8.2.10

Hello Darkness My Old Friend

Typical drama queen... it's not that bad, but that phrase is in my head due to a beautiful arrangement of that old Paul Simon song by my friend Jack, the interim director of our community choir...

I am feeling a little dark. Last week I was very excited about my new work schedule in the studio. I'm not a morning person but I realized I would get more work done if I came in in the morning. Besides, our adolescent puppy gets me around 7 anyway, so why not? I pull myself together, and after a couple of cups of coffee me and Bela (the dog) are off to the decrepit 60's dentist's office that is my studio. Last week I was high on how much more time I was getting in here. This week, the feeling has retreated to "same old, same old".

And I'm on the downhill slope from a high. We had our big choir concert on Saturday, and the group show at a local gallery closed yesterday and the participants had a nice dinner at one of my favorite higher end restaurants. So of course today I'm bummed. And it's 1130 and I wish I was eating lunch. There is a piece of two day old anchovy pizza trilling its siren song from my fridge, a 20 minute walk away. Again, typical!
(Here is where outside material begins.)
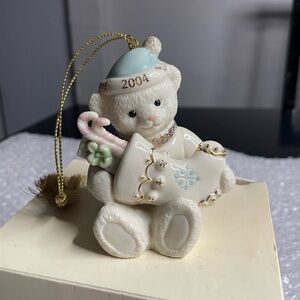 Lenox 2004  Teddy's Christmas Stocking Ornament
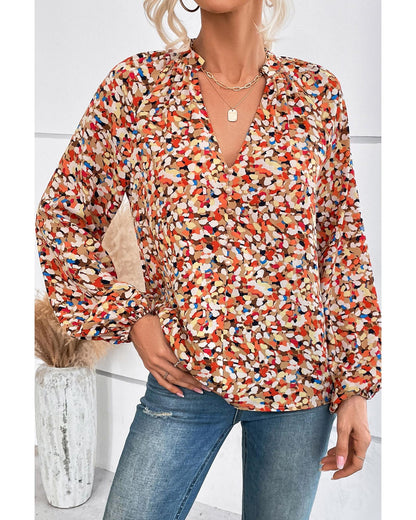 Azura Exchange Allover Print Bishop Sleeve Blouse - M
I knew the slump was coming, but it doesn't make it hurt much less. What I can do it remind myself (one minute at a time) that it will pass.

And I had the most incredible rush of grudges and resentments as I was setting out my paints. I'm guessing they tend to flood into the "now what" vacuum in my brain. So, in the face of hating the entire world, I had to dredge up my gratitudes, for the second time today. They came a lot slower than they had when I said my 12-step prayers a few hours before.

A ray of hope has come as I see that my recent goals have been realized and I may be on the verge of achieving one that I had only hesitantly dared hope for. So I need some fresh ones. That is cool.

Sometimes walking the walk takes you through rough terrain. But for me it all comes back to the food. If I can't put the food down, I'm crippled. I was an artist with a block that had even come back to haunt me last year, and I had to really work my recovery to not binge after a really bad episode a year and a month ago. And the recommittment got me back into the studio, better than ever before. And that was one thing that I didn't figure on, one of the gifts that I couldn't predict, but it figures that the unmanagability of my life extends way beyond the food.

Ok, back to work. Cheers. Just watch out if you see me and the dog trotting toward you about 1 pm --- I've got a date with them anchovies!